▶ _STORED DATA_:
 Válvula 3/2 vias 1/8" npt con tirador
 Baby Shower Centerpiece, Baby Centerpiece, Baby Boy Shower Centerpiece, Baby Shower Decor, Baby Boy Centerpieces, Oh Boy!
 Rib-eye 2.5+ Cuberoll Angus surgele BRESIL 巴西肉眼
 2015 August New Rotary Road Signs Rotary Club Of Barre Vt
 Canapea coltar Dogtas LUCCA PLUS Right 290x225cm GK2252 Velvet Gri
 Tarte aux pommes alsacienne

---

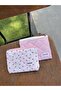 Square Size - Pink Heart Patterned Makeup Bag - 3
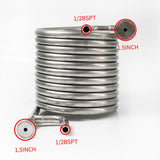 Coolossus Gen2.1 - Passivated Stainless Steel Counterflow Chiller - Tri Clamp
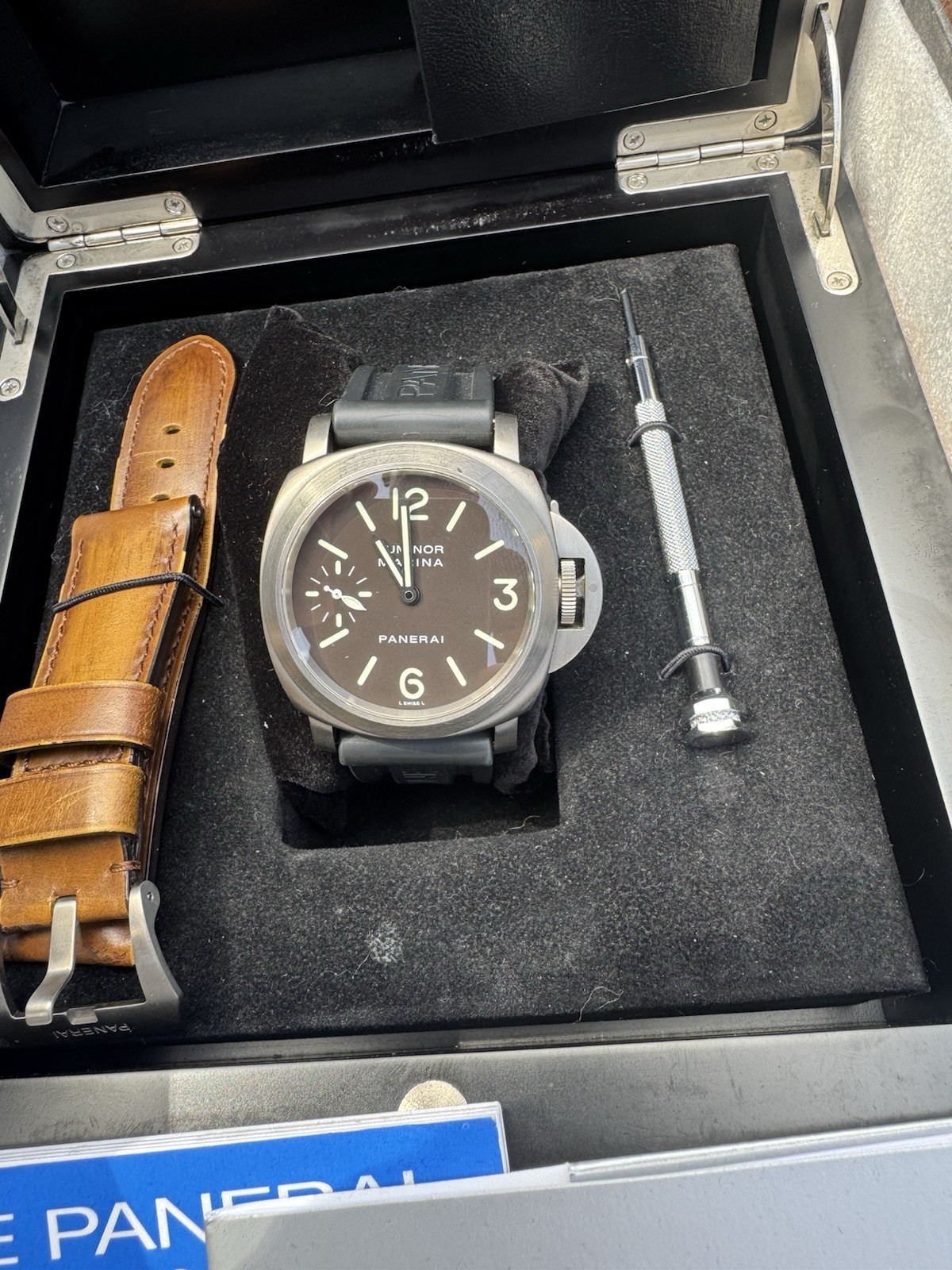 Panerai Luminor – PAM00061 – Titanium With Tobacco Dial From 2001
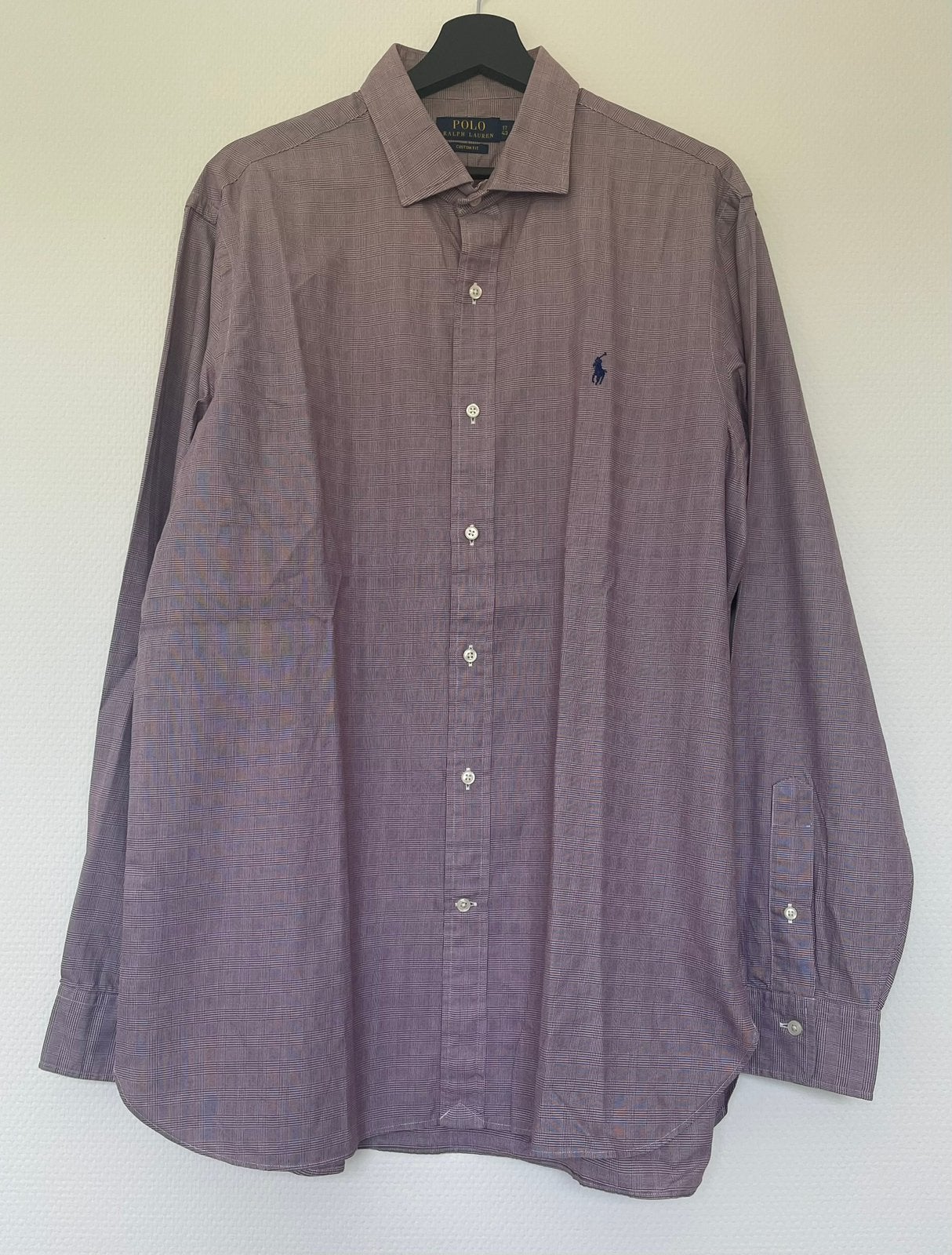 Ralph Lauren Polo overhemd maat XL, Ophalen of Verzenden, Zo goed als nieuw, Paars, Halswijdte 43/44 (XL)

* * *

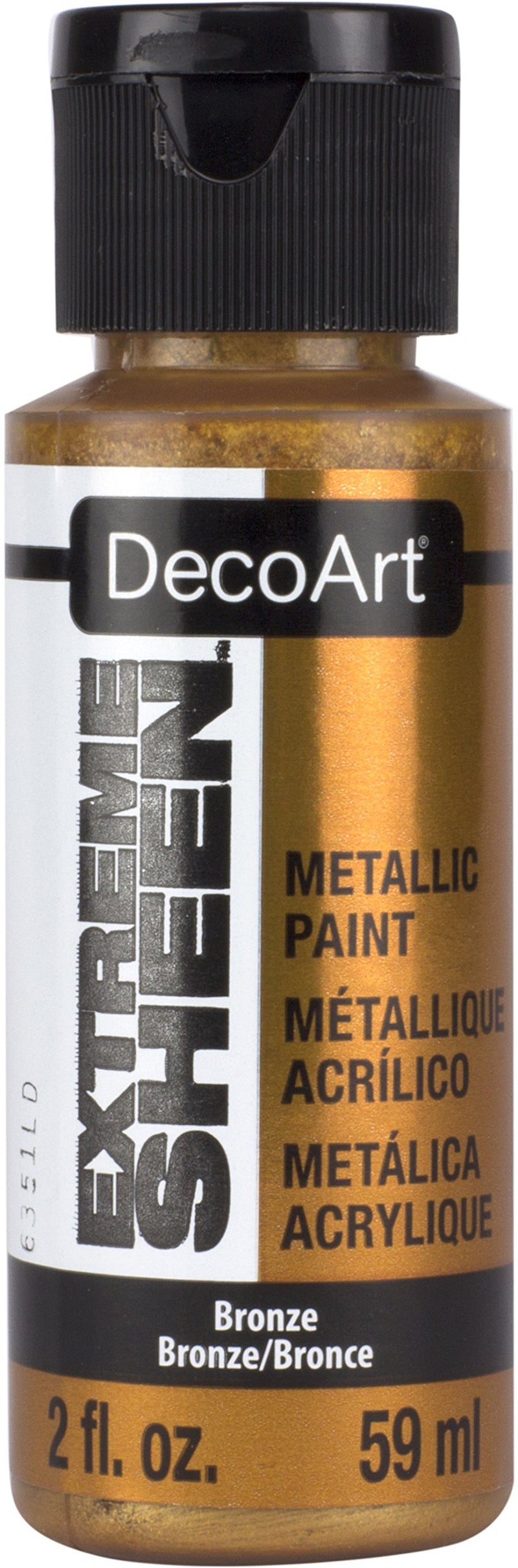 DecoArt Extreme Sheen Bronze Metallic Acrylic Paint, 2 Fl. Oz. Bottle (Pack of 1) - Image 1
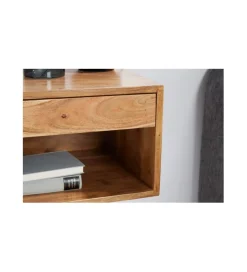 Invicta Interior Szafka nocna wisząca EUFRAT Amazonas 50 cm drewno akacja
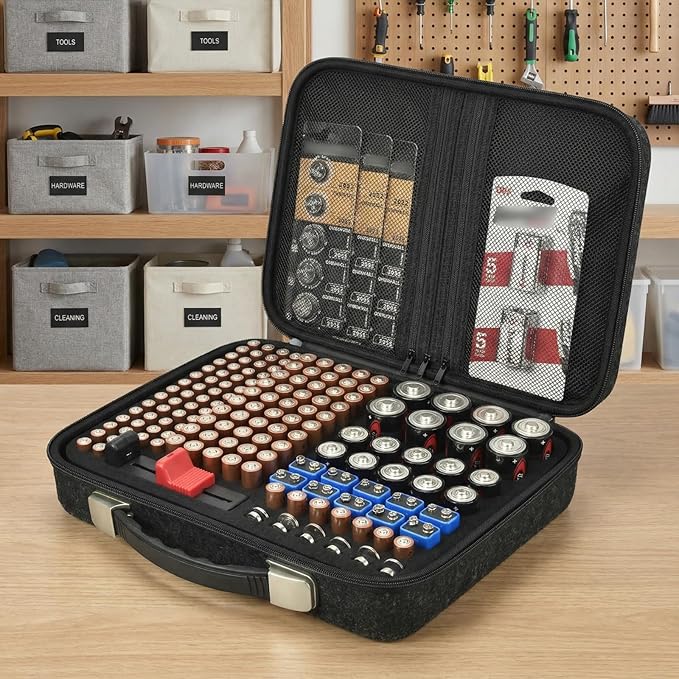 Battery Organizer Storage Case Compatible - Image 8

▶ _DIRECTIONS_: Print exactly the lines of the listing above starting at the line containing "Rib-eye 2.5+ Cuberoll" and ending at the line containing "Tarte aux pommes alsacienne", both included.

▶ _EXERCISE ANSWER_:
 Rib-eye 2.5+ Cuberoll Angus surgele BRESIL 巴西肉眼
 2015 August New Rotary Road Signs Rotary Club Of Barre Vt
 Canapea coltar Dogtas LUCCA PLUS Right 290x225cm GK2252 Velvet Gri
 Tarte aux pommes alsacienne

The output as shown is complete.